Agricultural technology in the experiments is standard, usual for regular production of corn. In all three studding years preceding crop was winter wheat. After the wheat harvest plowing was done stubble to a depth 10-15 cm. Before primary tillage fertilization with 300 kg ha-1 fertilizer NPK 10:30:20 was applied. Primary tillage was performed in the fall, depending on weather conditions, the depth was about 25 cm. During the spring was conducted additional soil tillage, then additional nitrogen fertilization KAN (27% N) in quantities 30, 90 and 150 kg ha-1, active ingredient (NH4NO3), and finally seedbed preparation.

Sowing was done manually in the second half of April, according to the plan of sawing, inter-row spacing of 70 cm with 2 seeds in whole. After germination thinning was carried out at a steady, planned number of plants. Hybrids were grown in the recommended (optimal) plant density, depending on the FAO group, and ZP 434-64.935 plants per hectare (70x22 cm), then ZP 578-57.143 plants per hectare (75x25 cm) and ZP 677-51.020 plants per hectare (70x28 cm).

The plant care are done by appropriate herbicides for weed control (after planting and before emergence: Acetochlor two l ha-1 + Atrazine 1 l ha-1, and during the growing season Motivell 1 l ha-1 + Cambio two l ha-1) and needed hoeing.

Harvest (harvest) of corn was done manually at the end of September or early October, depending on the year.
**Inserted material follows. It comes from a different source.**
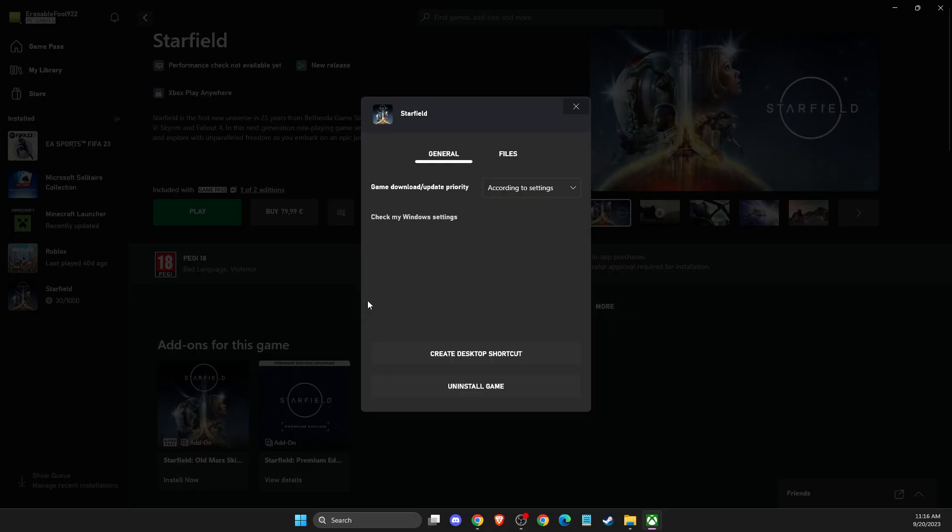Then you need to go to manage, and then under the general, it should be uninstall the game. And simply you can uninstall the game.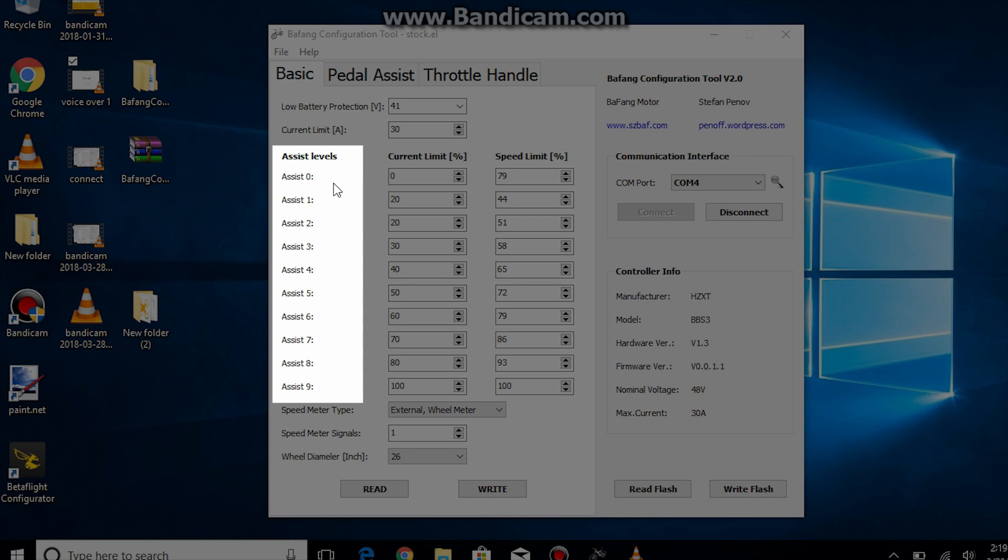Assist 0 is basically no pedal assist or throttle control and if you change the settings like I did earlier then you will have throttle control. In assist levels 1 to 9 pedal assist and throttle control are active.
Grain yield of 14% with water was calculated by the following formula:

QV = Pi x (100 - U)/100 - US

Where is:

QV - corn yield with 14% moisture, Pi - yield of raw grains, U - grain' water content at harvest, US - calculated grain water content (14%). The research results were analyzed by statistical analysis and presented in tables and graphs.

Weather conditions

Mean monthly air temperatures in all years of study, as well as the long-term average (1995 - 2004) are shown in Table 1.
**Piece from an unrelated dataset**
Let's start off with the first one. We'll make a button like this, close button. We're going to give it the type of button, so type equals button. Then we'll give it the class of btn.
Table 1. Mean monthly air temperature (0C) for the growing season of maize (IV - IX), in 2005 - 2007 at Zemun Polje in the years of study, as well as the long-term average (1995 - 2004) at the locations for the vegetation period

Year Location Month Average

IV V VI VII VIII IX

2005 Zemun Polje 13,1 17,6 20,2 22,8 21,4 18,9 19,0

2006 Zemun Polje 14,1 17,6 20,3 24,6 21,7 19,7 19,7

2007 Zemun Polje 14,7 19,7 23,6 25,7 24,4 16,8 20,8

Average (1995 - 2004) Zemun Polje 12,9 18,7 21,8 23,2 23,4 17,8 19,6

Source: RHSS, reports for 2005, 2006 and 2007.

Data on rainfall by months within growing period in the years of study, as well as the long-term average (1995 - 2004) are shown in Table 2, years in which the tests are performed are differed significantly, both in terms of total amount rainfall during the growing period, and in terms of their schedule by months.

Table 2. Amounts of rainfall (mm) for the growing season of maize (IV - IX), in 2005 -2007 (Zemun Polje)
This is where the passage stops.